DATA FOR THIS TASK >>
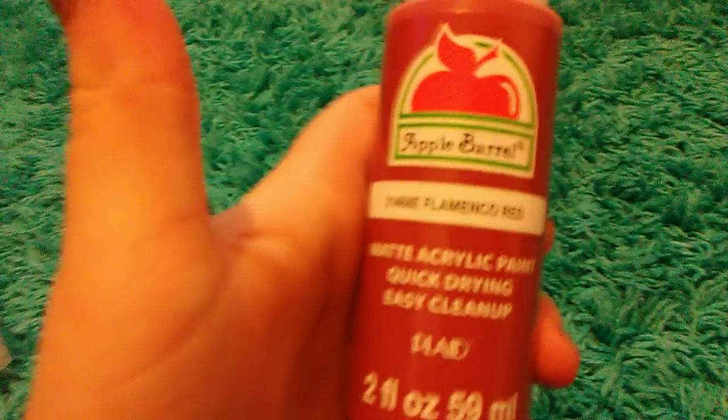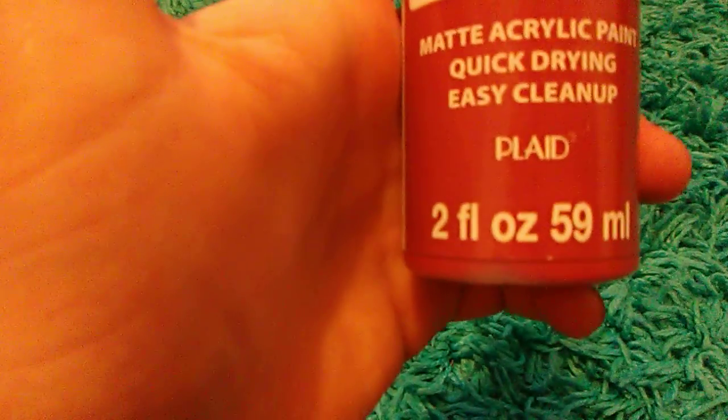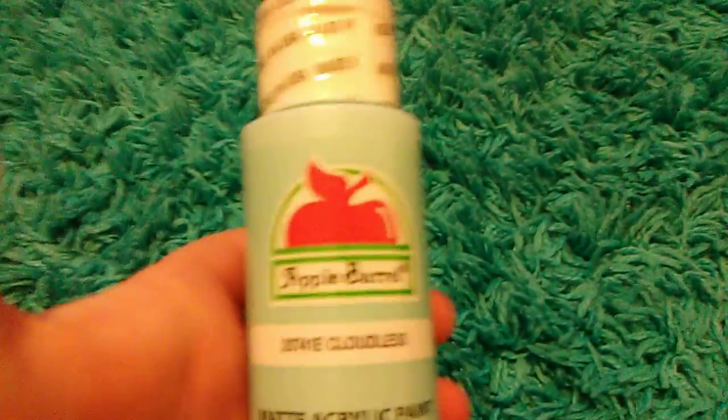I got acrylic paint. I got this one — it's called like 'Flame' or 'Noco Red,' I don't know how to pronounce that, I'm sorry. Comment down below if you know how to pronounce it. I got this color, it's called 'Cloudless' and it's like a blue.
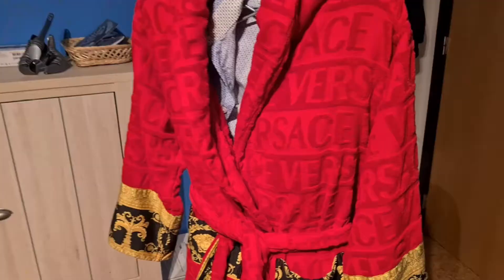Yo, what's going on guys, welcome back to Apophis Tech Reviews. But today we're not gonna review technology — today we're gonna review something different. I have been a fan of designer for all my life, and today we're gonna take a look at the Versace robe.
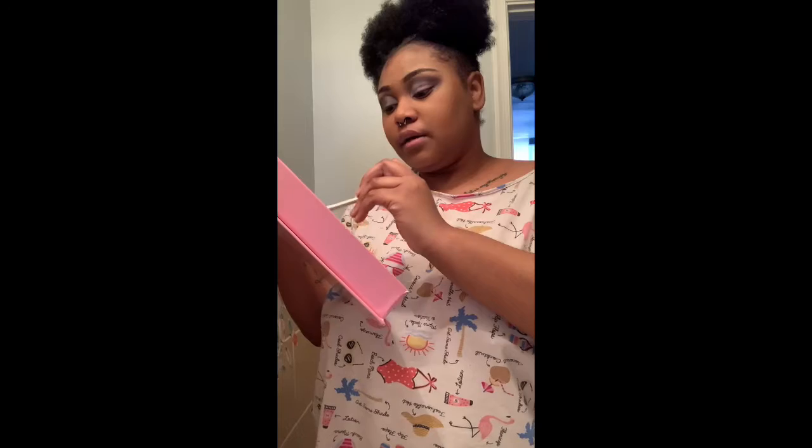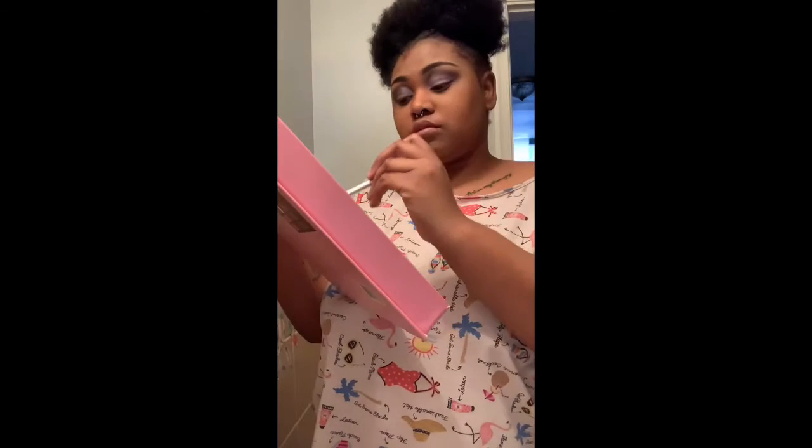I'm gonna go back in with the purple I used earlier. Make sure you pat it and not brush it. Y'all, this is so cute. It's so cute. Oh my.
---
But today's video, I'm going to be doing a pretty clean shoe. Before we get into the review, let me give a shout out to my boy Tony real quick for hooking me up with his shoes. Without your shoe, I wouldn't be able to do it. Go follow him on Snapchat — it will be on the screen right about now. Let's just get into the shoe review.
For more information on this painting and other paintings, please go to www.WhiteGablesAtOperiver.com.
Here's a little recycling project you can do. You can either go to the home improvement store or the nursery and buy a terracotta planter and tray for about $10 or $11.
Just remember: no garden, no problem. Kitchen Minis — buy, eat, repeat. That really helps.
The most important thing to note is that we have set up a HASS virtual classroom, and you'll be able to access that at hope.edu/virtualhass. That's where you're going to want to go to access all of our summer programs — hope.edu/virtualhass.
==
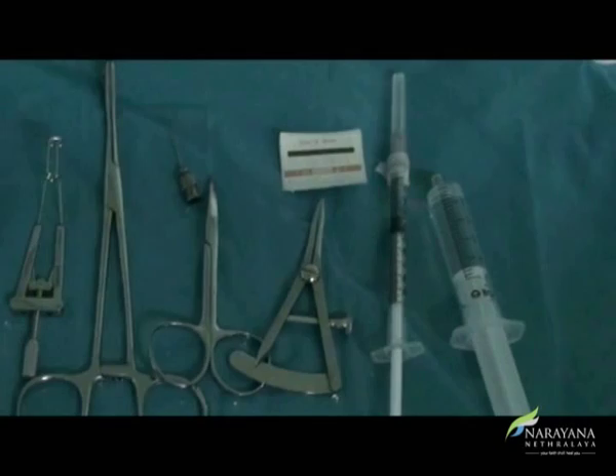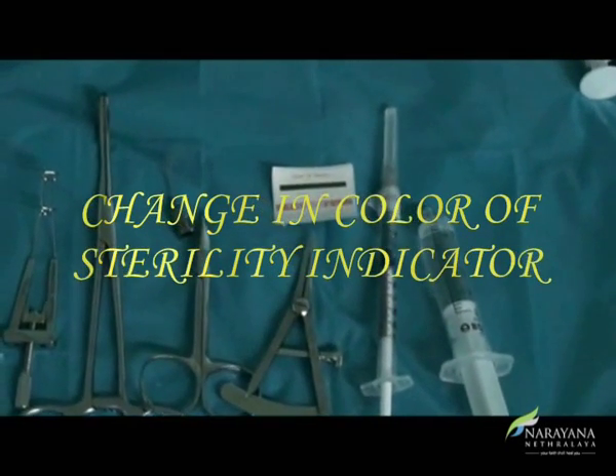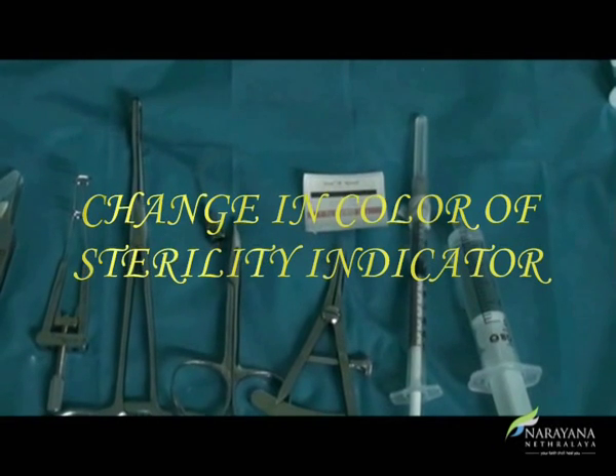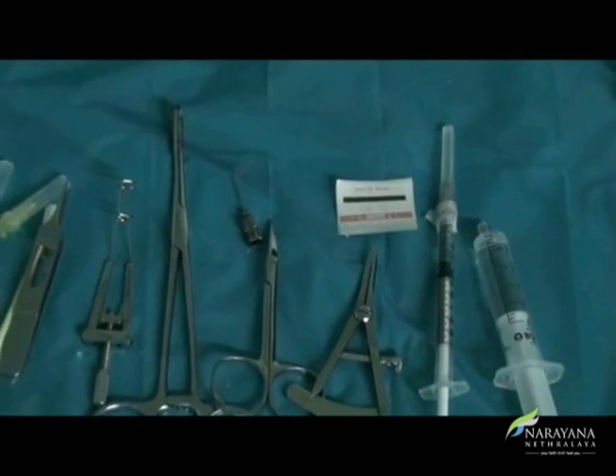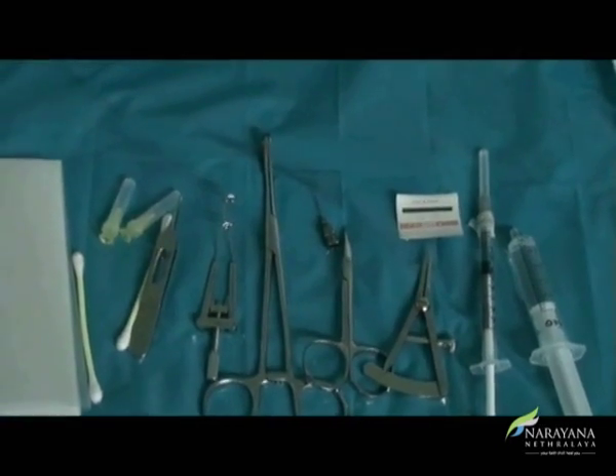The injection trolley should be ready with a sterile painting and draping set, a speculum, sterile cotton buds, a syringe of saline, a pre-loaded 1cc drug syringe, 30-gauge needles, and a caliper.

EXERCISE DETAILS >> The reply should hold only the lines of the listing above starting at the line containing "For more information" and ending at the line containing "The most important", exactly as written.

SOLUTION >>
For more information on this painting and other paintings, please go to www.WhiteGablesAtOperiver.com.
Here's a little recycling project you can do. You can either go to the home improvement store or the nursery and buy a terracotta planter and tray for about $10 or $11.
Just remember: no garden, no problem. Kitchen Minis — buy, eat, repeat. That really helps.
The most important thing to note is that we have set up a HASS virtual classroom, and you'll be able to access that at hope.edu/virtualhass. That's where you're going to want to go to access all of our summer programs — hope.edu/virtualhass.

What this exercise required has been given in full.